Hi All,
Recently we have been experimenting using Flinkās history server as a
centralized debugging service for completed streaming jobs.
Specifically, we dynamically generate links to access log files on the YARN
host; in the meantime, we use the Flink history server to show job graphs,
exceptions and other info of the completed jobs[2].
This causes some pain for our users, namely: It is inconvenient to go to
YARN host to access logs; then go to Flink history server for the other
information.
Thus we would like to propose an improvement to the currently Flink history
server:
-
To support dynamic links to residual log files from the host machine
within the retention period [3];
-
To support dynamic links to aggregated log files provided by the
cluster, if supported: such as Hadoop HistoryServer[1], or Kubernetes
cluster level logging[4]?
-
Similar integration with Hadoop HistoryServer was already proposed
before[5] with slightly different approach.

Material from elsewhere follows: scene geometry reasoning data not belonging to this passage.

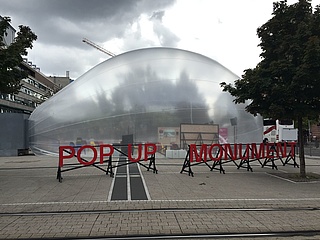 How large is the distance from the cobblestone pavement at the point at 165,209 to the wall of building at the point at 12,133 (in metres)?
12.6

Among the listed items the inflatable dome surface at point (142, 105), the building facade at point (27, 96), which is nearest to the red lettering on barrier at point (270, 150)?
the inflatable dome surface at point (142, 105)

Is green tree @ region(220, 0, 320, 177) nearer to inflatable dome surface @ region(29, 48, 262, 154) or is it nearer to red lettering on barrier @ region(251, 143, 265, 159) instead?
red lettering on barrier @ region(251, 143, 265, 159)

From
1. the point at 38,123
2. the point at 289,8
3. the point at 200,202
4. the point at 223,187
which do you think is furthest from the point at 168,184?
the point at 38,123

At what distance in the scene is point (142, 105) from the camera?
19.7m

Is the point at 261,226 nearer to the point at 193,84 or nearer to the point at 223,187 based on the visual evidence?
the point at 223,187

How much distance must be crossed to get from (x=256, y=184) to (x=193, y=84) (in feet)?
35.6

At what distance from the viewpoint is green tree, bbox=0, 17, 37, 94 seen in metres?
11.7

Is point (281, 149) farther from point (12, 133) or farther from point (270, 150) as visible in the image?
point (12, 133)

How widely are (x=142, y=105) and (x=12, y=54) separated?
30.3ft

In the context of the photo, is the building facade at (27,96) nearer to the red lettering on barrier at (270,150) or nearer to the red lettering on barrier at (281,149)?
the red lettering on barrier at (270,150)

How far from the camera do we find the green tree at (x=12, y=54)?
38.4 ft

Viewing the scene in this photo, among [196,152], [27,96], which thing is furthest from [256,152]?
[27,96]

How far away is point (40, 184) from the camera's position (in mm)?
10797

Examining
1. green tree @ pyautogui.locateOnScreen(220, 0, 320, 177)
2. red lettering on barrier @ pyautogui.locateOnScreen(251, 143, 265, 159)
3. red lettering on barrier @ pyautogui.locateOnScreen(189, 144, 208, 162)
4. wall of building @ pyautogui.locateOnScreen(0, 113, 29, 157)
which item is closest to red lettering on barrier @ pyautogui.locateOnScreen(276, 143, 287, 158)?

Any feedback and suggestions are highly appreciated!
--
Rong
[1]
https://hadoop.apache.org/docs/r2.9.2/hadoop-mapreduce-client/hadoop-mapreduce-client-hs/HistoryServerRest.html
[2]
https://ci.apache.org/projects/flink/flink-docs-release-1.9/monitoring/historyserver.html
[3]
https://hadoop.apache.org/docs/r2.9.2/hadoop-yarn/hadoop-yarn-common/yarn-default.xml#yarn.nodemanager.log.retain-seconds
[4]
https://kubernetes.io/docs/concepts/cluster-administration/logging/#cluster-level-logging-architectures
[5] https://issues.apache.org/jira/browse/FLINK-14317